Планировать и создавать жизнь, от которой не захочется постоянно отдыхать, потому что в ней не будет ненавистной работы, а будет наполненная смысловой нагрузкой деятельность.
Когда у нас так исказились прицелы? Когда все встало с ног на голову?
Когда нам так осточертела ответственность? В какой момент?
Может, именно тогда, когда мы хоронили своих ответственных родителей за их счет?
Потому что они настолько не верят в нас, что не доверяют нам даже проводы в последний путь?
Именно тогда мы увидели, что ответственность — это неподъемная плита, когда ты взваливаешь на себя больше, чем тебе подконтрольно?
Или о чем был тот урок? О любви? Что любовь — это когда ни одного дня нельзя обременять собой того, кого любишь?
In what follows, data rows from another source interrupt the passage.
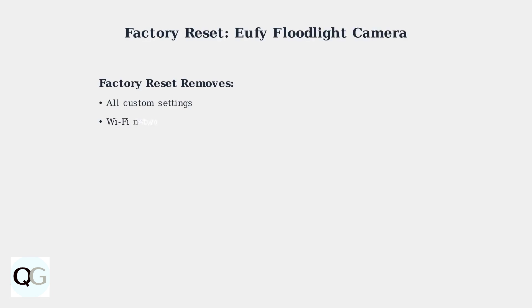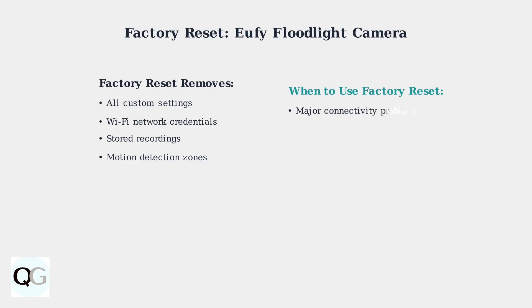A Factory Reset completely restores your Eufy Floodlight camera to its original factory settings. This process will erase all your custom configurations, Wi-Fi credentials, and any stored recordings on the device. Factory Reset is recommended for major troubleshooting issues, when transferring the camera to a new owner, or when you need to completely reconfigure the device from scratch.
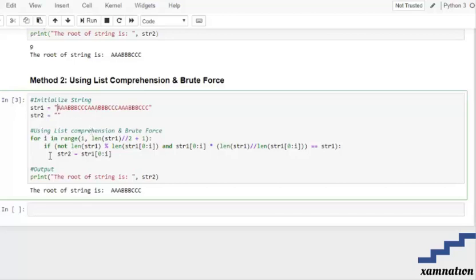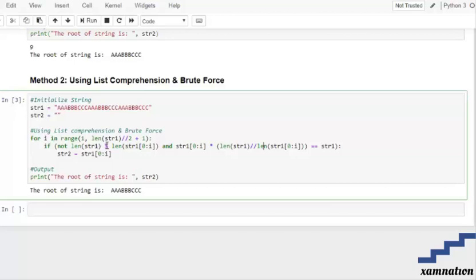After that we have set a condition: we are taking the modulus of the length of the string, dividing it by the range of the length of that particular element we are iterating through, and then again dividing the length of our string by the length of string number one. This is the modulus operation here, and this is the dividend. After that, we are checking if this tends to be equal to string number one.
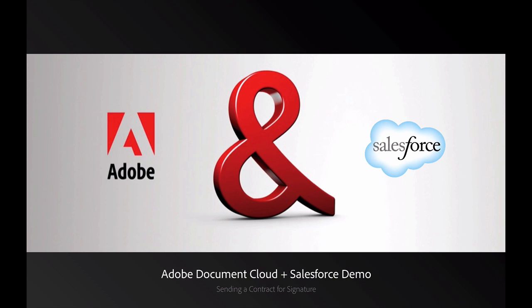Hi, my name is Ashley Malone, and I'm a Product Marketing Manager for Adobe. Today I'll be walking you through a demo of the integration between Adobe Document Cloud eSign Services and Salesforce.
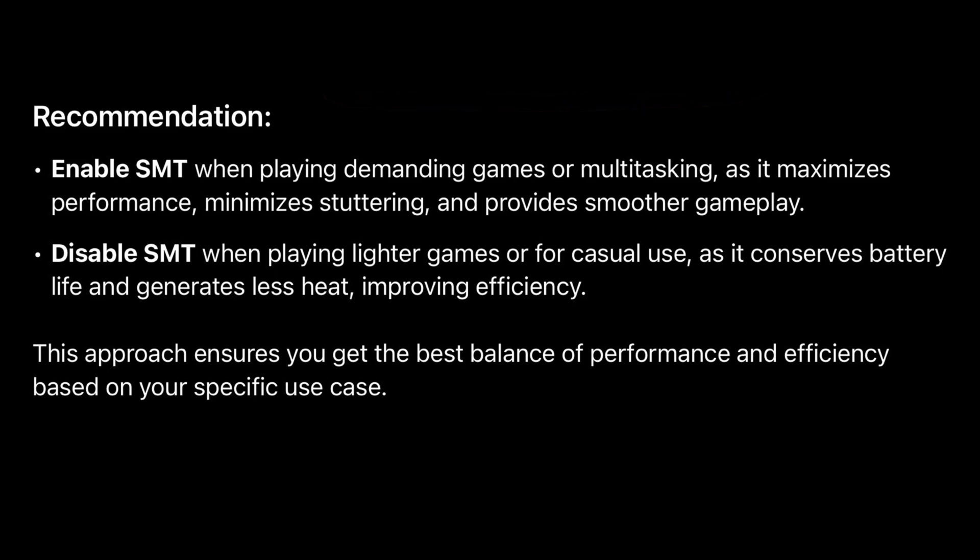On the other hand, for less demanding games or casual use, disabling SMT 8-Cores 8-Threads can help conserve battery life, reduce heat output, and improve energy efficiency, all while still delivering sufficient performance for lighter workloads.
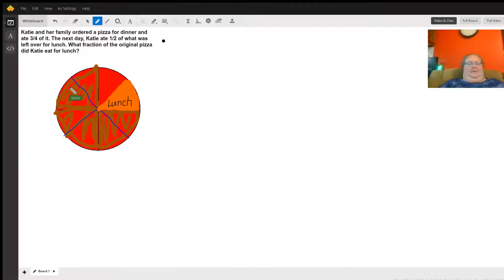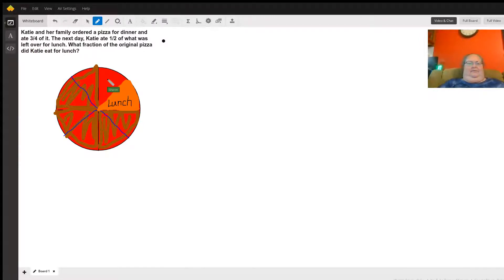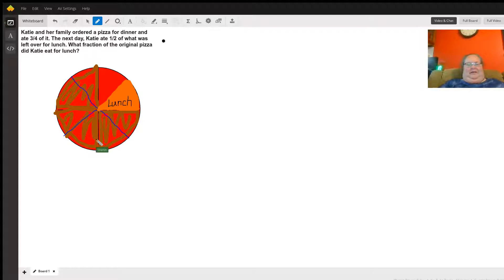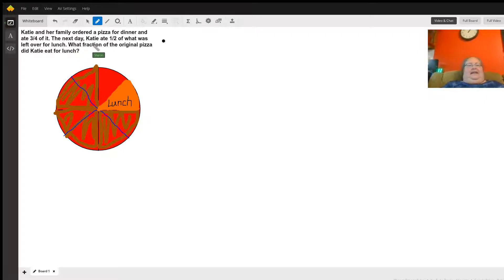Katie and her family ordered a pizza for dinner and they ate three-fourths of it. The circle represents our pizza — the brown part equals three-fourths. I divided the pizza into four sections and they ate three of those, that's the reason why it's brown. That was dinner.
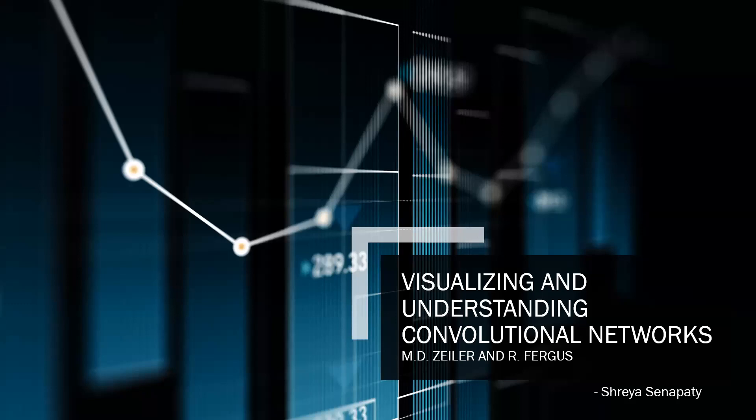Right, so hi guys, today I'm presenting this paper called Visualizing and Understanding Convolutional Networks. It was written by Matthew D. Zeiler and Rob Fergus.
Ох, как же сложно все в этой жизни. Как же хочется все понять и во всем разобраться. Чтобы эти события вокруг перестали дирижировать нами, а чтобы мы, мы сами были дирижерами своей жизни.
Успешной, яркой, полной ответственных и безответственных поступков. Мы же живые, мы же оставляем за собой право на ошибки.
А прямо за нами, глядя на нас, будет взрослеть новое поколение — поколение свободных людей.
Свободных в выборе, как жить.
Как жить за свой счет. И как умирать.